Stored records

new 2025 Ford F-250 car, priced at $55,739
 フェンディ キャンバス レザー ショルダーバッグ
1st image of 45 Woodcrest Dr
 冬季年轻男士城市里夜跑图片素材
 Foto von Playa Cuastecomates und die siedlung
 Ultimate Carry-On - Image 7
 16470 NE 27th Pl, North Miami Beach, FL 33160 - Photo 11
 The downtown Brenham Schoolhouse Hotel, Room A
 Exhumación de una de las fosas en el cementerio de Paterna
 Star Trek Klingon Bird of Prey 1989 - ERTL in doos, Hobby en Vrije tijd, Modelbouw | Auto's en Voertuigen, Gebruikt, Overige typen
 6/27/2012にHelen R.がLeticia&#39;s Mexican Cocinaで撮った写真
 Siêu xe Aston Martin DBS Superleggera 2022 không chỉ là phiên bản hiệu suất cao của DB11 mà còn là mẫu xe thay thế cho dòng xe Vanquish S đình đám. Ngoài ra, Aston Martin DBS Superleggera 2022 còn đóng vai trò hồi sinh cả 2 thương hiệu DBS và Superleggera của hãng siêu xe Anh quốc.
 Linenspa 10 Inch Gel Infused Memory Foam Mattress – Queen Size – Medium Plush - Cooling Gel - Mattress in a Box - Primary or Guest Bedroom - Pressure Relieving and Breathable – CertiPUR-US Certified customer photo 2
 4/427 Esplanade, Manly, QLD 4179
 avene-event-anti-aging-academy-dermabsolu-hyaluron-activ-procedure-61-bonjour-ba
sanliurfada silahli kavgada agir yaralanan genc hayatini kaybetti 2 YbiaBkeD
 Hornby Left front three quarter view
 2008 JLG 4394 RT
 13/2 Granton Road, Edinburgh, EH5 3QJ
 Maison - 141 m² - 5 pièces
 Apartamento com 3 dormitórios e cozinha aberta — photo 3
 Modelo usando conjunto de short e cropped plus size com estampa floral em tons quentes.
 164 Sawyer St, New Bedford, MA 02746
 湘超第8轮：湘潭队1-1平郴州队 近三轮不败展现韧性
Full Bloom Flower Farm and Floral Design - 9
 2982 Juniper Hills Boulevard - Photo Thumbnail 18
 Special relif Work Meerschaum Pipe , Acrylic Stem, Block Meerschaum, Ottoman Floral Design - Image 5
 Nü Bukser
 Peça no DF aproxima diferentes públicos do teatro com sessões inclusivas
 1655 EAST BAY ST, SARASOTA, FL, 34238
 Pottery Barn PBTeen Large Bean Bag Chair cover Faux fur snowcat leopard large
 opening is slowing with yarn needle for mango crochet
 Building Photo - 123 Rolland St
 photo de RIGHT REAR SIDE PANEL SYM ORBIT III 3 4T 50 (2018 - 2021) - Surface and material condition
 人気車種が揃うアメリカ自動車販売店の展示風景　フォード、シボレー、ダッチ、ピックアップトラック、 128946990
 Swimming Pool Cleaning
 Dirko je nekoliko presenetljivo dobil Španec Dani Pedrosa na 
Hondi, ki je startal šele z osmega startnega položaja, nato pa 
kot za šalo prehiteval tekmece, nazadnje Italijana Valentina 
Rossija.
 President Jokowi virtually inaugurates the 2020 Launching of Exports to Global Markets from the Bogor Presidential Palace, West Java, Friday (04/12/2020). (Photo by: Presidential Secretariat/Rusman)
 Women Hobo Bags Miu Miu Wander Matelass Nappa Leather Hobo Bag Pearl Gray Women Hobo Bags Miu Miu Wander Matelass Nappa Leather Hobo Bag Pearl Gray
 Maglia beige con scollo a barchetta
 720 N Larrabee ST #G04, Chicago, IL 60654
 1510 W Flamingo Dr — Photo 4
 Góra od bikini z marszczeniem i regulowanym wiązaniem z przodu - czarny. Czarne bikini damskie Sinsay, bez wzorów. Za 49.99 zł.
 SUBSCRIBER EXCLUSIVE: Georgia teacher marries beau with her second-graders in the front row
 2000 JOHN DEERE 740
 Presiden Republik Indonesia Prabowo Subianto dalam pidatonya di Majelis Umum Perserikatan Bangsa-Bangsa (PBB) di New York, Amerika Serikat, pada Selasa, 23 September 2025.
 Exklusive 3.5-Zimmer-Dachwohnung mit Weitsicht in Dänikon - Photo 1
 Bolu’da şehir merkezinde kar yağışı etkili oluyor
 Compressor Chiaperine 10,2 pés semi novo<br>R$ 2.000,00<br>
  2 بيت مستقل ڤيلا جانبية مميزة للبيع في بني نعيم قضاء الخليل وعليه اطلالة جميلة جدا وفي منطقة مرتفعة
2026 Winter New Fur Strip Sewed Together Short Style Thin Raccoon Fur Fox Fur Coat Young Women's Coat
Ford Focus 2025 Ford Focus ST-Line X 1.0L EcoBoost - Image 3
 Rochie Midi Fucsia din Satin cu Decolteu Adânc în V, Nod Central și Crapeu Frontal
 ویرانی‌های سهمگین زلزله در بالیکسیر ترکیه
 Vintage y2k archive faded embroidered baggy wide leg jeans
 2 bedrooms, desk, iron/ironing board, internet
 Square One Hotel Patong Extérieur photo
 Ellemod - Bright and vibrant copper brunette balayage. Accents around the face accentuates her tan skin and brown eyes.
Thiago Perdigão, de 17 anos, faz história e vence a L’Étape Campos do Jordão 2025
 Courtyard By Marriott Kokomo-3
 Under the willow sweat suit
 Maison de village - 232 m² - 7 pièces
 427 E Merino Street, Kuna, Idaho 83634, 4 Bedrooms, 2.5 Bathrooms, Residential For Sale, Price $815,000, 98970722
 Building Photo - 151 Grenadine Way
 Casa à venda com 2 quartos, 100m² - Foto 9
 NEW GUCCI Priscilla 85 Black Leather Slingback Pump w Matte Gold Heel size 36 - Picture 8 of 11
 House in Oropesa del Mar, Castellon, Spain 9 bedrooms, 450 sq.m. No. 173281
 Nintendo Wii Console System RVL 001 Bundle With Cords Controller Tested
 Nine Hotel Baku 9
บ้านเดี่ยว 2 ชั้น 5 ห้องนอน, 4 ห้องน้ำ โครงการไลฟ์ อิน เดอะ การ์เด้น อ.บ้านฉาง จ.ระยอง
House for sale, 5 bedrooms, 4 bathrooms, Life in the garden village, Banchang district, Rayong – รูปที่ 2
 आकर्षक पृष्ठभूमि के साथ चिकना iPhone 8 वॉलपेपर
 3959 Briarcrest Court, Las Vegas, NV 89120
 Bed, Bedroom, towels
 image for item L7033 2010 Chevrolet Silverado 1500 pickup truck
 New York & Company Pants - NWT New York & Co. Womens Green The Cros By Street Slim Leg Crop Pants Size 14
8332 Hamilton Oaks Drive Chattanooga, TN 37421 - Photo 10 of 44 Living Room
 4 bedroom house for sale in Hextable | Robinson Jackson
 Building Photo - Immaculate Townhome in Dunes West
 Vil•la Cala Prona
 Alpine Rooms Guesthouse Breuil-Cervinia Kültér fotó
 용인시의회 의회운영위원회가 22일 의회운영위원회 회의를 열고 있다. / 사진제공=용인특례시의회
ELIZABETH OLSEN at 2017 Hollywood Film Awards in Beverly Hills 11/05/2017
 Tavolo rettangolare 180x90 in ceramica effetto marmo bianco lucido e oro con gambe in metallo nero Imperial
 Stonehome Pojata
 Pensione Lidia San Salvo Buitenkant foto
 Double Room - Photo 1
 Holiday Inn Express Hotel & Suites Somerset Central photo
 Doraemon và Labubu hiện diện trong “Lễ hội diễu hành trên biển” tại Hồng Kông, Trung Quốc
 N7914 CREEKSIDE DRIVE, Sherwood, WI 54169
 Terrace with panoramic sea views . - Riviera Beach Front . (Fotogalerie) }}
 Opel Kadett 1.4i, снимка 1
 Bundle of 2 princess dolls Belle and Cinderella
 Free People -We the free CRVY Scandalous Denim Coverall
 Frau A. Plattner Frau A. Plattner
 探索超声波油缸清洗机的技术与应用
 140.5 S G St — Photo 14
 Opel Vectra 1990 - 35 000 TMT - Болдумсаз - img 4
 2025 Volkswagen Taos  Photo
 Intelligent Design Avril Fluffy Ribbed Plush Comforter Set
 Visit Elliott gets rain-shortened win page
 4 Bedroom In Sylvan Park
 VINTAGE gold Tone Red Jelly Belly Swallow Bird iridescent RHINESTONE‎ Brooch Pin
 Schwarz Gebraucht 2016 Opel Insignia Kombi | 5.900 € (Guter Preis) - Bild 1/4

**Assignment**
Give again exactly, and only, the lines above starting at the one with "Exklusive 3.5-Zimmer-Dachwohnung mit" and ending at the one with "Building Photo - Immaculate".

**Reply**
 Exklusive 3.5-Zimmer-Dachwohnung mit Weitsicht in Dänikon - Photo 1
 Bolu’da şehir merkezinde kar yağışı etkili oluyor
 Compressor Chiaperine 10,2 pés semi novo<br>R$ 2.000,00<br>
  2 بيت مستقل ڤيلا جانبية مميزة للبيع في بني نعيم قضاء الخليل وعليه اطلالة جميلة جدا وفي منطقة مرتفعة
2026 Winter New Fur Strip Sewed Together Short Style Thin Raccoon Fur Fox Fur Coat Young Women's Coat
Ford Focus 2025 Ford Focus ST-Line X 1.0L EcoBoost - Image 3
 Rochie Midi Fucsia din Satin cu Decolteu Adânc în V, Nod Central și Crapeu Frontal
 ویرانی‌های سهمگین زلزله در بالیکسیر ترکیه
 Vintage y2k archive faded embroidered baggy wide leg jeans
 2 bedrooms, desk, iron/ironing board, internet
 Square One Hotel Patong Extérieur photo
 Ellemod - Bright and vibrant copper brunette balayage. Accents around the face accentuates her tan skin and brown eyes.
Thiago Perdigão, de 17 anos, faz história e vence a L’Étape Campos do Jordão 2025
 Courtyard By Marriott Kokomo-3
 Under the willow sweat suit
 Maison de village - 232 m² - 7 pièces
 427 E Merino Street, Kuna, Idaho 83634, 4 Bedrooms, 2.5 Bathrooms, Residential For Sale, Price $815,000, 98970722
 Building Photo - 151 Grenadine Way
 Casa à venda com 2 quartos, 100m² - Foto 9
 NEW GUCCI Priscilla 85 Black Leather Slingback Pump w Matte Gold Heel size 36 - Picture 8 of 11
 House in Oropesa del Mar, Castellon, Spain 9 bedrooms, 450 sq.m. No. 173281
 Nintendo Wii Console System RVL 001 Bundle With Cords Controller Tested
 Nine Hotel Baku 9
บ้านเดี่ยว 2 ชั้น 5 ห้องนอน, 4 ห้องน้ำ โครงการไลฟ์ อิน เดอะ การ์เด้น อ.บ้านฉาง จ.ระยอง
House for sale, 5 bedrooms, 4 bathrooms, Life in the garden village, Banchang district, Rayong – รูปที่ 2
 आकर्षक पृष्ठभूमि के साथ चिकना iPhone 8 वॉलपेपर
 3959 Briarcrest Court, Las Vegas, NV 89120
 Bed, Bedroom, towels
 image for item L7033 2010 Chevrolet Silverado 1500 pickup truck
 New York & Company Pants - NWT New York & Co. Womens Green The Cros By Street Slim Leg Crop Pants Size 14
8332 Hamilton Oaks Drive Chattanooga, TN 37421 - Photo 10 of 44 Living Room
 4 bedroom house for sale in Hextable | Robinson Jackson
 Building Photo - Immaculate Townhome in Dunes West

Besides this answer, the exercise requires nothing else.